Nathaly Haseya, auteure du livre "Le rein de cœur" (Editions Récits) a donné un de ses reins à sa petite sœur atteinte d’une grave insuffisance rénale. Elle se confie sur ce geste d’amour méconnu qui peut faire peur.

  • Par Sophie Raffin
  • Crédit : CLAIRE DUFFÉAL PHOTOGRAPHE LYON
  • 08 Nov 2024
  • A A

    “Mes reins sont en stade terminal, je vais avoir besoin de dialyse et d’être inscrite sur la liste des dons d’organe.” Lorsque Nathaly Haseya a entendu sa petite sœur lucie - atteinte d’une fibrose hépatite congénitale avec polikystose rénale, maladie génétique conduisant à l’insuffisance rénale - prononcer ces mots en 2014, elle a immédiatement proposé de lui donner un des siens. 
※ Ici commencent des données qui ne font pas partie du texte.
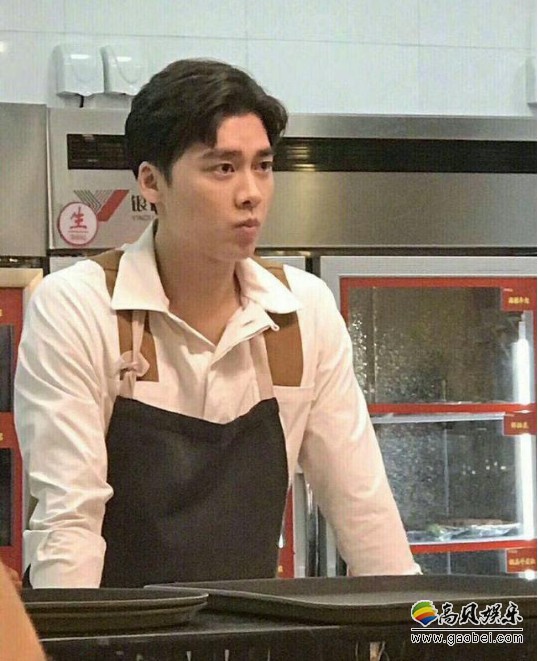 网友杭州某饭馆偶遇李易峰：身穿围裙站在厨房亲自下厨做饭，有模有样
    Cette conversation téléphonique a lancé une aventure qui allait lier les deux sœurs à vie, au-dela de leur lien fraternel.

    Tests pour donner un rein : “C’est comme un grand check-up complet”

    “Cela a mis en marche toute une mécanique”, se souvient Nathaly. La première étape à passer a été le test de compatibilité entre le donneur et le receveur de rein. “Pour le test de compatibilité, il y avait une vingtaine tube à remplir lors de la prise de sang.” Les analyses effectuées à partir de ces prélèvements ont confirmé que les deux sœurs étaient bien compatibles. “Même en étant sœurs, il y avait un risque qu’on ne le soit pas. La famille n’est pas automatiquement compatible”, rappelle l’auteure.

    Puis d’autres examens médicaux ont suivi. “C’est comme un grand check-up complet. J’ai eu une batterie de tests : des échos, des scanners. Lors d’un don d’organe d’une personne vivante, les médecins s’assurent que le donneur est en parfaite santé avant de mettre sa santé en jeu pour aider un proche”, précise Nathaly. 

    En plus des examens, il y a également des démarches administratives et judiciaires importantes à faire, comme le passage devant un magistrat et le comité d’éthique. Leur objectif est de s’assurer que le donneur est conscient des risques et qu’il répond aux conditions fixées par la loi : être majeure et en bonne santé, être informé des risques et éventuelles complication, faire partie du cercle du receveur (famille ou proche pouvant prouver un lien affectif étroit et stable d’au moins deux ans), faire un don gratuit et librement consenti.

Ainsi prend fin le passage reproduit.